THK kayyum heyetinin artık de kurumun varlıklarını tasfiye etmeye yöneldiğini belirten Bağcıoğlu, açıklamasına şöyle devam etti:
“Haziran ayında alınan kararla THK Genel Başkanlığı ile bağlı vakıf, üniversite ve iştiraklerce kullanılan 29 aracın satılmasına karar verildi. Satışa çıkarılanlar ortasında akaryakıt tankerleri, otobüsler, kepçeler, karavan ve kamyonlar da var. Araçlar için eksper raporları hazırlandı. Lakin bu gelişmeler kamuoyunun gereğince gündemine gelmedi, basın sessiz kaldı. Kamuoyuna yansıyan değerlendirmelere nazaran, bu sürecin gerisinde iki temel münasebet olabileceği öne sürülmektedir; bir, THK’nın havacılık alanında milletlerarası sertifika verebilen tek kurum olması nedeniyle, bu yetkinin Türkiye Hava Sporları Federasyonu’na (THSF) devredilmesinin hedeflendiği, iki Türkiye genelinde çok sayıda taşınmaz ve mal varlığı bulunan THK’nın bu kaynaklarının denetim altına alınmasının amaçlandığı sav edilmektedir. Basına yansıyan bilgilere nazaran, THK’nın ana binasında misyon yapan kimi tecrübeli işçinin farklı ünitelere görevlendirme ismi altında uzaklaştırıldığı öne sürülmektedir. Bu çerçevede, kelam konusu personelin Türk Hava Kurumu Üniversitesi, Gökçen Havacılık İktisadi İşletmesi ve THK Vakfı üzere yapılar altında görevlendirildiği; yerlerine ise THK kültürüne ve kurumsal geçmişine yabancı, iktidara yakın isimlerin atandığı argüman edilmektedir.

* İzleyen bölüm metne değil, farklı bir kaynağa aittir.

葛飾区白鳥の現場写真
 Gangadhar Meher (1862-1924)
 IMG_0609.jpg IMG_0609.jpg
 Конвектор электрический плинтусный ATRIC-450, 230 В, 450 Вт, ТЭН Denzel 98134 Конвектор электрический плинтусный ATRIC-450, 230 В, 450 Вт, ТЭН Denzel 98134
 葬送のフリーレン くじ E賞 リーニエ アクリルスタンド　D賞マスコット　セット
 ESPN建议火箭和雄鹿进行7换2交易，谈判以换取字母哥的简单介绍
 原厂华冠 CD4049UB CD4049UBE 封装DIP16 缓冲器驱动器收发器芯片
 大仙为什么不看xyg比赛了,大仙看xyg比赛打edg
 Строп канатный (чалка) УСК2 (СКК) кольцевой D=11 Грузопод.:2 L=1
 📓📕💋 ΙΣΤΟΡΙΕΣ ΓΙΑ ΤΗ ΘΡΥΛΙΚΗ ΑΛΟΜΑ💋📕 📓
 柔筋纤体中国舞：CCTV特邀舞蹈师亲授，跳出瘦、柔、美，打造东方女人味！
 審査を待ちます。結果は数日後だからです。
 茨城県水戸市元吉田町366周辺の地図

“THK’NIN ÇÖKÜŞÜ, TÜRKİYE TARİHİNE KARA BİR LEKE OLARAK GEÇECEKTİR”
“Mevcut durumda THK, kayyumlarla ve havacılıkla ilgisi olmayan atamalarla şekillendirilmeye; içi boşaltılmaya çalışılmaktadır. Unutulmamalıdır ki idareler kusur yapabilir, başarısız olabilir. Fakat hukukun dışına çıkan uygulamalar cezalandırılmalı, süreçler yasal çerçevede yürütülmelidir.
Cumhuriyetimizin bu köklü kurumu, Atatürk’ün emaneti olan THK, şahsî hırs ve siyasi hesaplara kurban edilmektedir. Bu kurumun yok edilmesi yalnızca bir kurumun değil, bir Cumhuriyet pahasının de yok edilmesi manasına gelir. Türkiye’de askeri ya da sivil havacılığa gönül veren herkesin, bu dönüşüm dayatmasına sessiz kalması, ileride acı bir deneyim olarak tarihe geçecektir. THK’nın tarihi mirasına, Atatürk’ün emanetine sahip çıkılması, toplumun ve devletin asli sorumluluğudur.
Cumhuriyetimizin kurucusu Mustafa Kemal Atatürk’ün ‘İstikbal göklerdedir’ özdeyişinden hareketle, Türk Hava Kurumu’nun tekrar ayağa kaldırılması, hak ettiği saygın pozisyona kavuşturulması CHP iktidarında kesinlikle sağlanacaktır. Bu kurum yalnızca bir havacılık mirası değil, tıpkı vakitte Cumhuriyetimizin bağımsızlık ve çağdaşlık ülküsünün gökyüzüne yansıyan simgesidir. Sorumlulardan beklentimiz gerekli düzenlemeleri derhal yaparak THK’yı tekrar ayağa kaldırmalarıdır. Aksi takdirde, bu kurumun çöküşü, Türkiye tarihine kara bir leke olarak geçecektir.”